Les Etats-Unis ont annoncé mercredi la visite-surprise à Washington du chef de la diplomatie iranienne Manouchehr Mottaki, un événement d'autant plus exceptionnel qu'il survient à la veille de discussions cruciales à Genève sur le programme nucléaire de Téhéran.

Un porte-parole de la diplomatie américaine, Ian Kelly, a souligné que M. Mottaki n'avait rencontré «personne au département d'Etat, ni à la Maison Blanche, ni au Conseil de sécurité nationale».

Philip Crowley, un autre porte-parole, s'est attaché à minimiser l'importance de cette visite, qui avait d'abord été révélée par la radio américaine en langue arabe Al-Hurra.

«Ce qui nous intéresse beaucoup plus», a-t-il dit, «c'est que les Iraniens viennent (jeudi) à Genève, et qu'ils fassent, eux, des gestes montrant qu'ils sont prêts à répondre aux inquiétudes de la communauté internationale».

La visite de M. Mottaki a été autorisée en dernière minute.

Les Etats-Unis et l'Iran n'ont plus de relations diplomatiques depuis 1980, et selon Trita Parsi, du Conseil national américano-iranien, cette visite est la première depuis dix ans à ce niveau.

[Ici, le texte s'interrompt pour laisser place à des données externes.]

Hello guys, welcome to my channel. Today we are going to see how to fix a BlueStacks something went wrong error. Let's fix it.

Les Iraniens «ont fait une demande précise», a simplement expliqué M. Crowley lors du point de presse quotidien du département d'Etat: M. Mottaki «voulait se rendre à la représentation des intérêts iraniens au sein de l'ambassade du Pakistan et nous avons accepté cette demande».

Mais «c'est un peu tiré par les cheveux d'imaginer que M. Mottaki est venu uniquement pour rendre visite à la représentation iranienne», commente Shaul Bakhash, un chercheur de l'université américaine George Mason.

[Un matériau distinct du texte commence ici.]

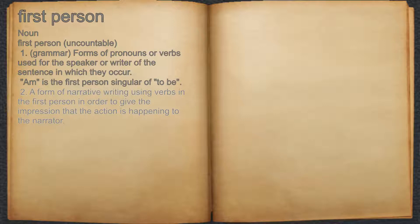2. A form of narrative writing using verbs in the first person in order to give the impression that the action is happening to the narrator.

Trita Parsi qualifie la visite de «geste significatif» de la part des Etats-Unis.

«C'est le mauvais geste au mauvais moment», juge au contraire Karim Sadjadpour, de l'institut Carnegie. Selon lui, en recevant ce responsable à la veille des négociations, les Etats-Unis «signalent à l'opposition iranienne qu'ils ne se soucient pas du bien-être des Iraniens, mais seulement de la question nucléaire».

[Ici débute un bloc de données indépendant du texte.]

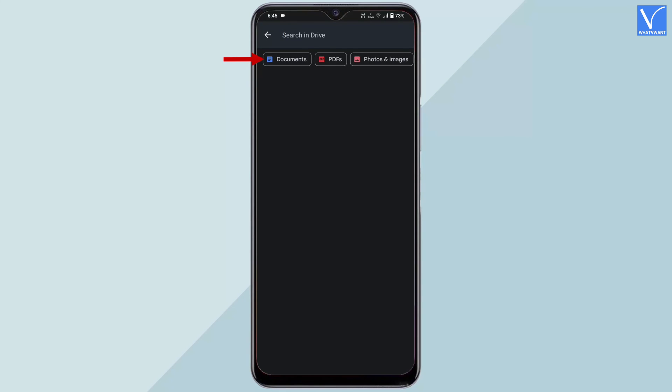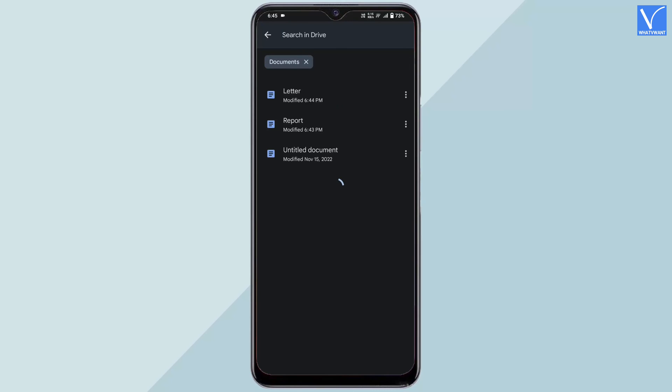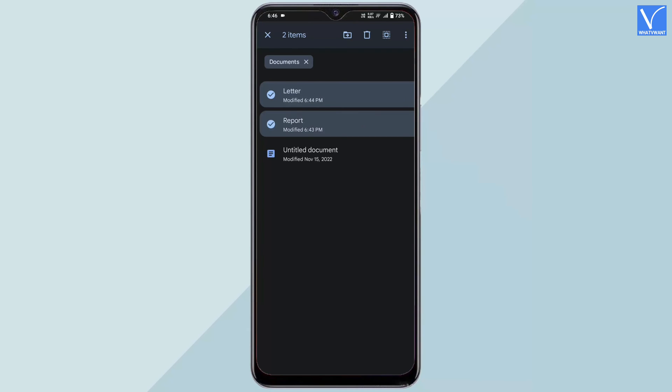If you didn't find any file types, just search as 'document' in the search bar. After choosing the document file type, it shows all the document files. Long press on the files and select multiple files.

Le président iranien Mahmoud Ahmadinejad a réservé mercredi une autre surprise à ses interlocuteurs occidentaux, en proposant qu'une tierce partie enrichisse l'uranium au niveau requis pour alimenter le réacteur nucléaire que l'Iran fait fonctionner à Téhéran.

La République islamique, inflexible depuis longtemps sur son «droit inaliénable» à enrichir de l'uranium, semble ainsi faire mouvement à la veille des discussions jeudi à Genève entre l'Iran et les six grandes puissances (Allemagne, Chine, Etats-Unis, France, Royaume-Uni et Russie) qui surveillent son programme nucléaire.

La rencontre survient après quatorze mois d'impasse, et découle en partie de la main tendue à l'Iran au printemps par le président Barack Obama.

Elle intervient toutefois dans un contexte tendu, ces derniers jours, par la double annonce de l'existence d'un second centre d'enrichissement d'uranium en Iran et du fait que le régime a procédé à des essais de tir de missiles.

Les Etats-Unis ont haussé le ton en conséquence. Mercredi encore à Genève, un diplomate américain a affirmé aux médias que le processus de discussions sur le point d'être engagé ne «pouvait pas être un processus illimité dans le temps».